The task → Ignoring the images, restate the records below word for word.

___ Information given

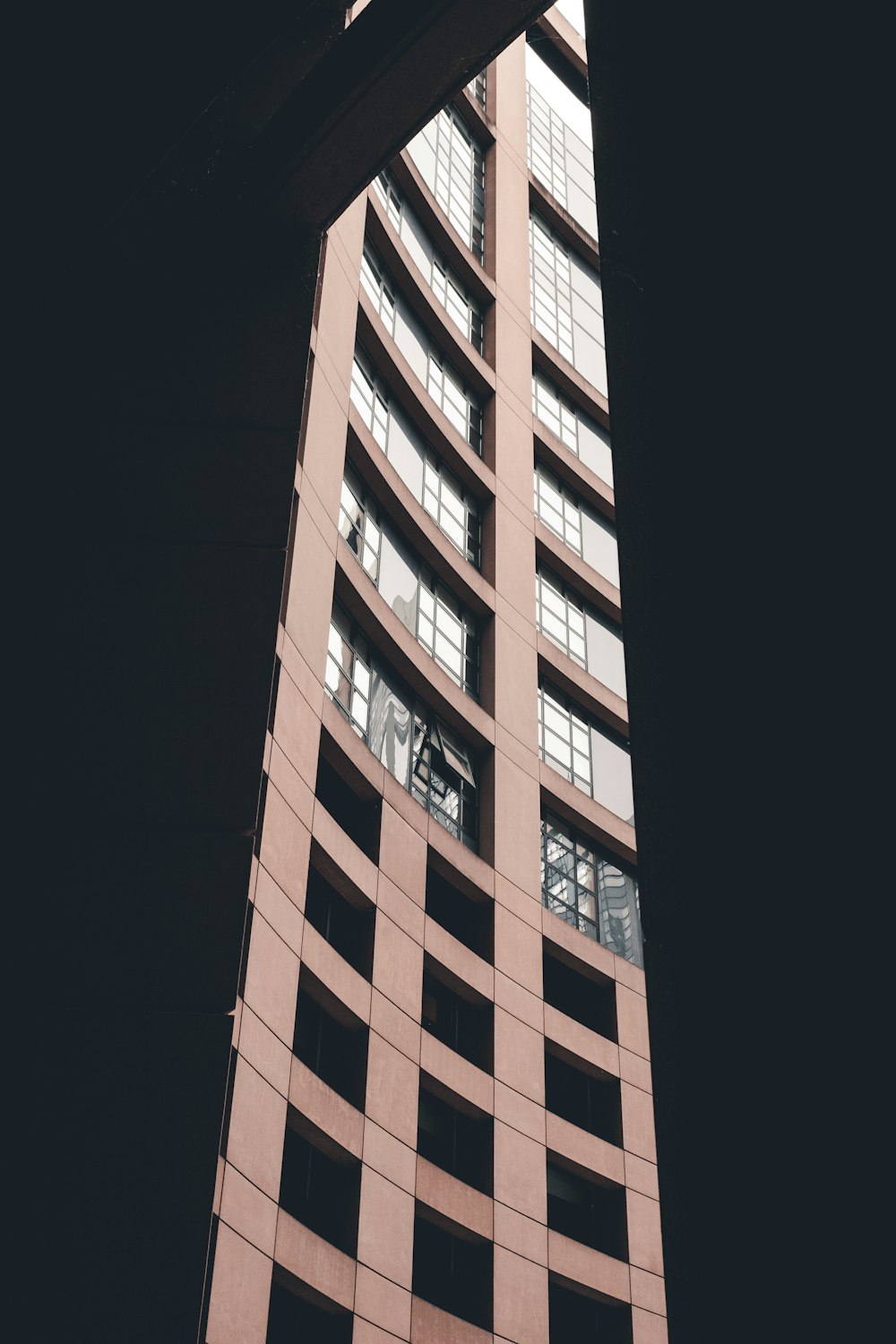 brown and white high rise building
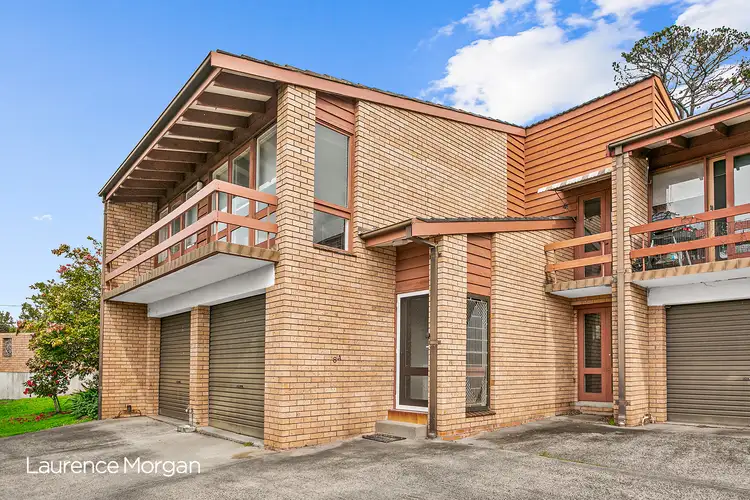 Main view of Homely townhouse listing, 1/8a Northwood Road, Mount Ousley NSW 2519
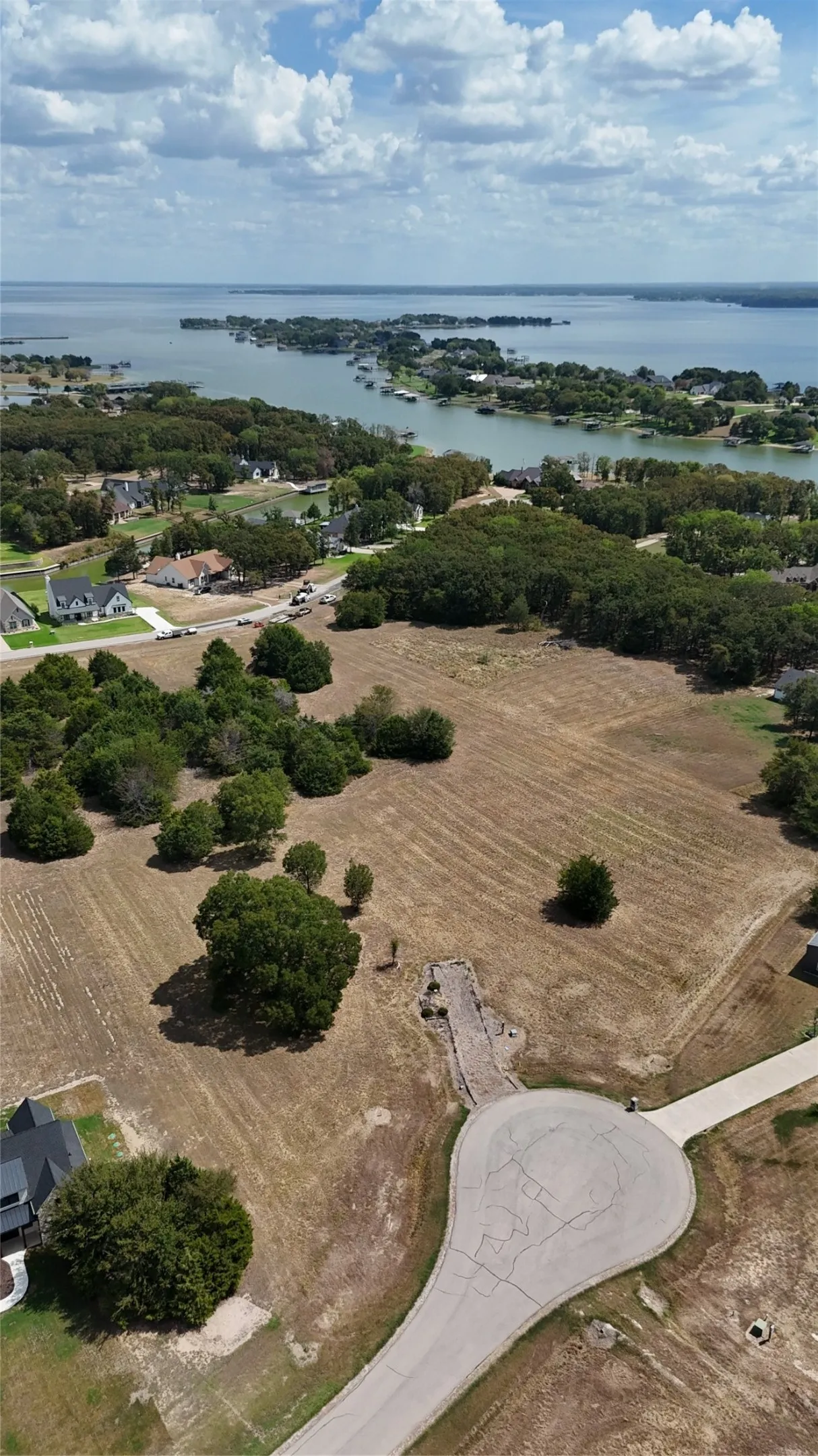 Expansive unimproved acreage featuring mature tree clusters, paved cul-de-sac street access, and water frontage
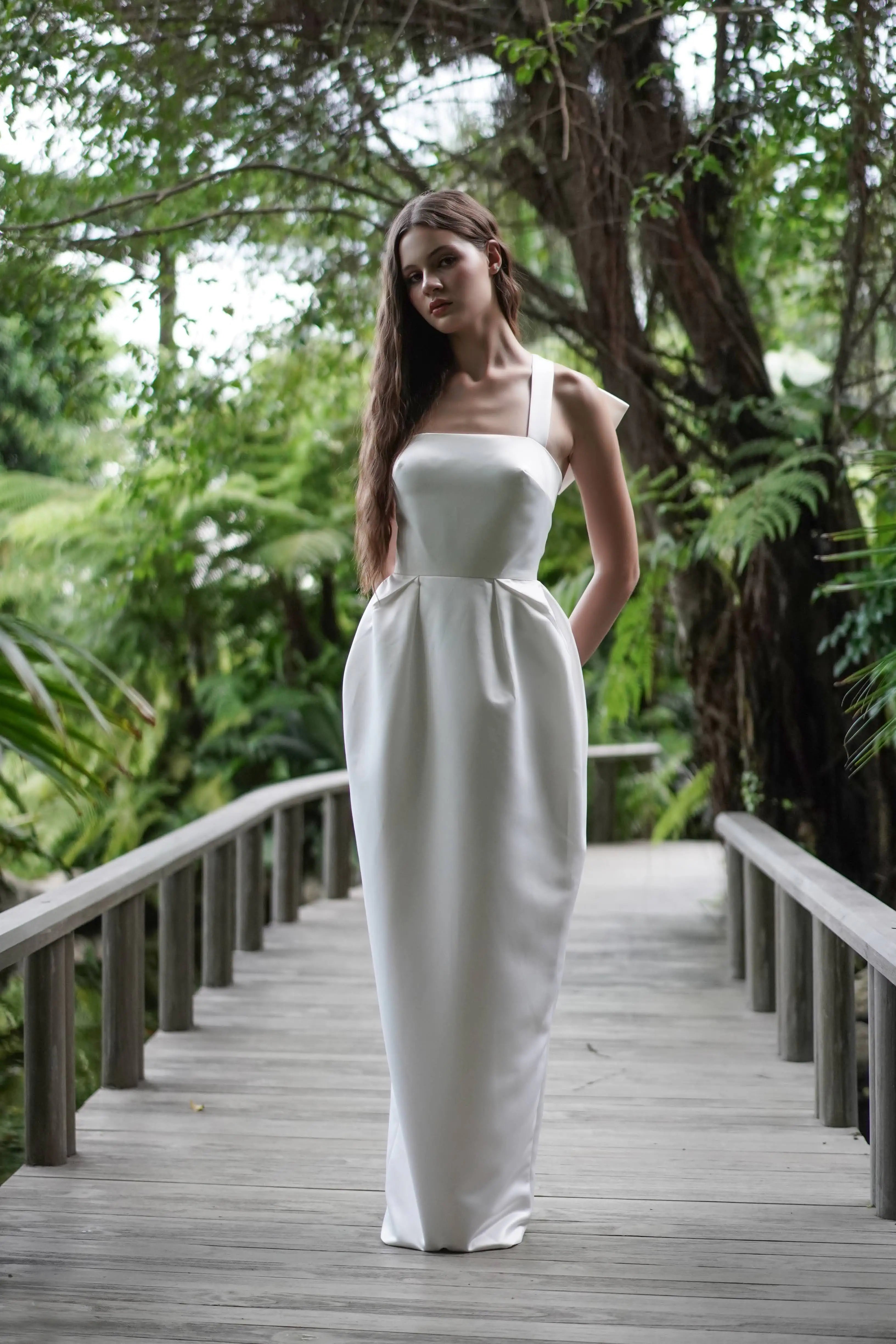 Woman in a white dress standing on a wooden bridge with greenery in the background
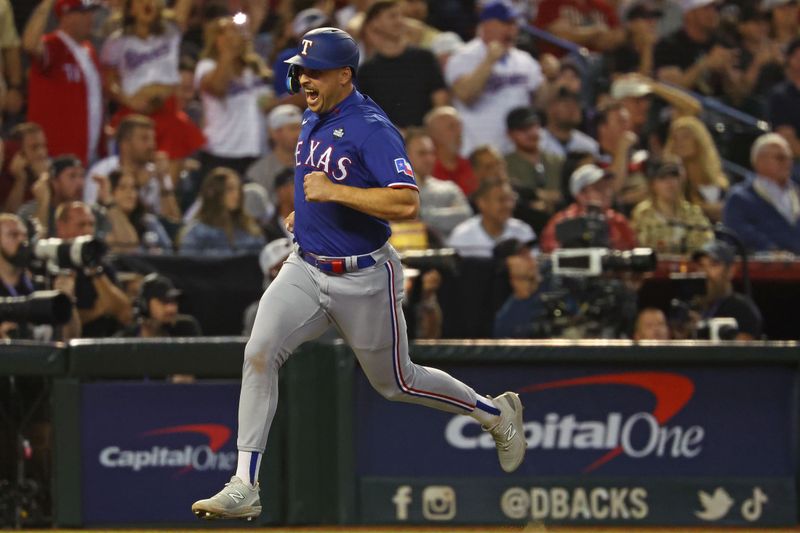 Nov 1, 2023; Phoenix, Arizona, USA; Texas Rangers first baseman Nathaniel Lowe (30) reacts as he scores a run against the Arizona Diamondbacks during the ninth inning in game five of the 2023 World Series at Chase Field. Mandatory Credit: Mark J. Rebilas-USA TODAY Sports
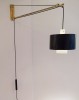 Telescopic arm wall light by Gaetano Scoiolari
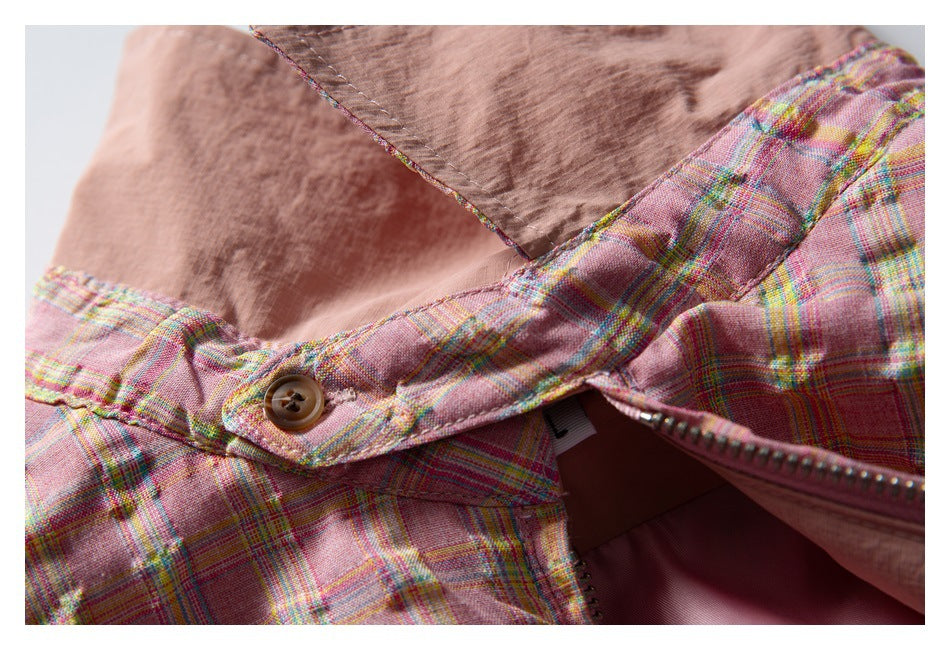 Close-up of the jacket’s plaid collar edge, brown button, zipper, and smooth inner lining.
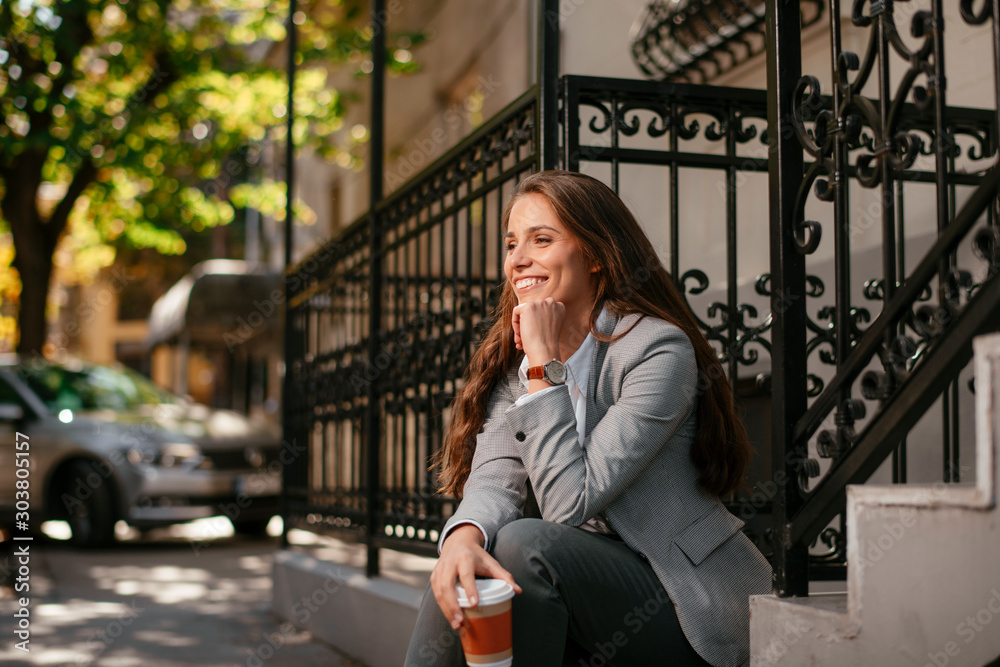 Young businesswoman outside. Beautiful woman drinking coffee while sitting on stairs.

______

Output for this exercise →
 brown and white high rise building
 Main view of Homely townhouse listing, 1/8a Northwood Road, Mount Ousley NSW 2519
 Expansive unimproved acreage featuring mature tree clusters, paved cul-de-sac street access, and water frontage
 Woman in a white dress standing on a wooden bridge with greenery in the background
 Nov 1, 2023; Phoenix, Arizona, USA; Texas Rangers first baseman Nathaniel Lowe (30) reacts as he scores a run against the Arizona Diamondbacks during the ninth inning in game five of the 2023 World Series at Chase Field. Mandatory Credit: Mark J. Rebilas-USA TODAY Sports
 Telescopic arm wall light by Gaetano Scoiolari
 Close-up of the jacket’s plaid collar edge, brown button, zipper, and smooth inner lining.
 Young businesswoman outside. Beautiful woman drinking coffee while sitting on stairs.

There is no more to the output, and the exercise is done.